A practical rule: if the client is much larger than you, billing in their currency can win you the work; if you are billing many small clients, billing in your own currency keeps your accounts clean and predictable.
Which exchange rate to use
If you invoice in a foreign currency but keep your books in your home currency, you will need to convert the amount somewhere. Two common approaches:
- Rate on the invoice date: use the commercial (mid-market) rate on the day you issue the invoice. This is what most tax authorities expect when you record a foreign-currency invoice in your local accounts.
- An average rate: some businesses use an official monthly or annual average rate to smooth out daily swings. Many tax authorities and central banks publish these.

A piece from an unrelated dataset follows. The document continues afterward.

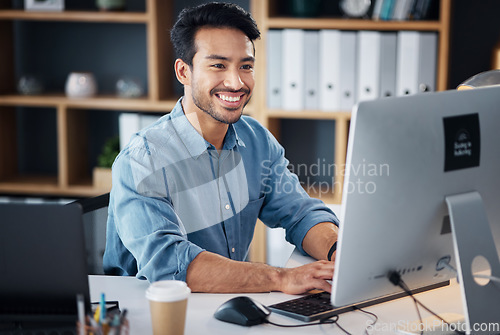 Image of Computer, typing and business man in office working online for information technology, internet or global digital company. Happy Asian person or worker on desktop pc for professional market research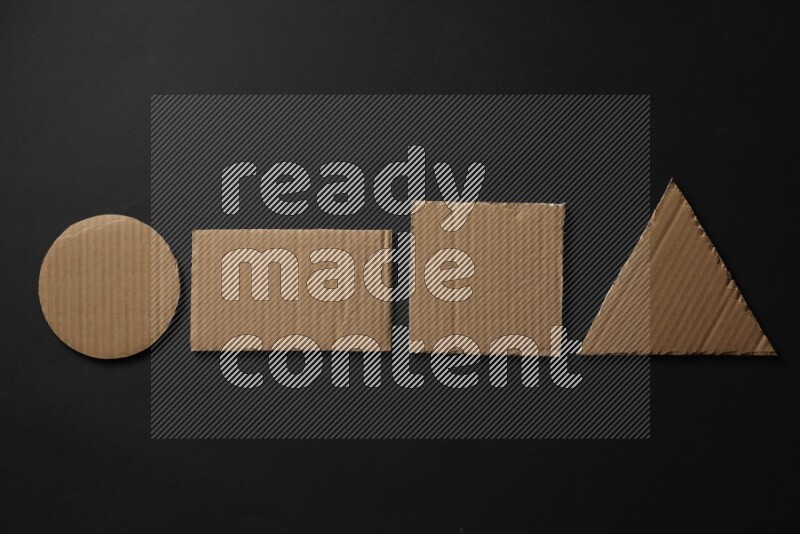 Cardboard in shapes on black background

Whichever you choose, be consistent and keep a record of the rate and its source (your bank, a central-bank published rate, or a well-known FX site). Remember the mid-market rate is not what your bank will actually give you when the money converts, so build in a small margin if conversion cost matters to you.
Protecting yourself from currency swings
The risk with billing in the client's currency is that the rate can move between issuing the invoice and getting paid. On a 30- or 60-day term, a few percent swing can quietly eat your margin. Ways to manage it:
- Agree a fixed rate in the contract, or a clause that prices adjust if the rate moves more than an agreed amount (say 5%).
- Shorten your payment terms so there is less time for the rate to drift.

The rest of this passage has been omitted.